Alep face à l’Histoire – par Roland Mérieux et Francis Sitel

Article  •  Publié sur Souria Houria le 14 octobre 2016

Une violence sauvage est déchaînée sur Alep et sa population.

Après des années de bombardements et d’encerclement, l’aviation russe et du régime écrase les quartiers Est d’un déluge de bombes, de barils d’explosifs, de missiles et de gaz. La puissance des bombes anti-bunker fait s’effondrer des immeubles entiers et détruit les abris souterrains. L’infrastructure vitale est systématiquement ravagée : hôpitaux, écoles, boulangeries, ressources en eau… Le siège prive les habitants de tout approvisionnement en vivres et en médicaments… Les enfants sont les premières victimes de ce massacre planifié.

Ce sont là crimes de guerre.

Une telle violence est révélatrice de ce qui se joue en Syrie.

 

Comment évoquer la complexité des confrontations, l’opacité prétendue des intérêts des différents protagonistes, pour maintenir le silence, justifier le laisser faire ?

D’une part, Alep est une ville insurgée, contre un pouvoir dictatorial prédateur et féroce. Ville prestigieuse et capitale économique de la Syrie. A Alep combattent différentes forces rebelles, celles de l’Armée syrienne libre, celles de diverses composantes islamistes, toutes font face à un ennemi commun. Alep Est c’est encore, malgré les morts et les exils massifs, plus de cent cinquante mille habitants qui depuis des mois et des années vivent l’enfer, et résistent.

D’autre part, Alep est le symbole et l’enjeu décisif de l’offensive d’un régime qui pour sauvegarder son pouvoir est prêt à tout : raser cette ville héritière d’une riche et immémoriale civilisation, écraser sa population, multiplier crimes de guerre et crimes contre l’humanité… C’est à cette entreprise à laquelle le Kremlin et Poutine apportent leur savoir faire : ceux qui ont rasé Grozny pour en finir avec la rébellion tchétchène disposent des moyens militaires et de la détermination pour rééditer cet exploit à Alep.

Une confrontation si claire dans sa brutalité interdit les tergiversations et tout faux semblant.

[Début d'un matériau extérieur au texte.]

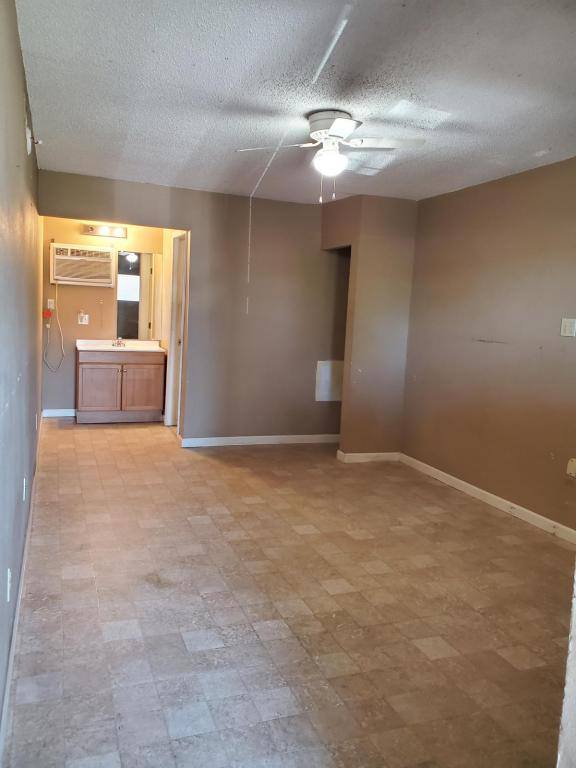 Apartment for rent at 106 N Carter St, Hammond, LA 70401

L’alternative est soit la solidarité avec le peuple syrien et sa volonté d’imposer son droit à la justice, à la liberté et à la paix, soit une coupable complicité avec la coalition des massacreurs : le régime syrien, ses alliés russe et iranien, les diverses milices à leur service…

Ce choix en sa sévérité est incontournable. D’où les contorsions des puissances occidentales, les États-Unis au premier chef, pour justifier leur passivité et leurs atermoiements, et aussi les confusions qui dominent la politique de la Turquie, voire celle de certaines forces kurdes…

Et la gauche française et européenne ? Son silence et sa paralysie sont inacceptables.

Face à une telle horreur, qu’on ne peut prétendre ignorer, une mobilisation s’impose : la solidarité humaine interdit de laisser faire (une volonté que manifeste le communiqué commun de plusieurs organisations françaises de gauche et écologistes). Mais un tel sursaut est freiné, voire empêché, par la difficulté à assumer en toute conscience la portée politique immense de ce qui se décide à Alep. L’Histoire dira sans doute que là et alors s’est imposé ce que sera le devenir des peuples de la région. Doivent-ils se juger condamnés à n’avoir pour avenir que l’alternance entre dictatures militaires et despotisme théocratique ? Ou parviendront-ils à imposer la démocratie à laquelle ils aspirent.

Qui pourrait croire que l’Europe n’est pas concernée ? Elle, qui déploie ses armes partout au Moyen-Orient, que travaille dangereusement l’angoisse de l’arrivée massive des migrants et réfugiés, peut-elle continuer à se dire au mieux impuissante, au pire complice ? Aux forces progressistes de peser pour briser la solitude du peuple syrien, imposer que cesse le martyr d’Alep, et changer le cours de l’Histoire.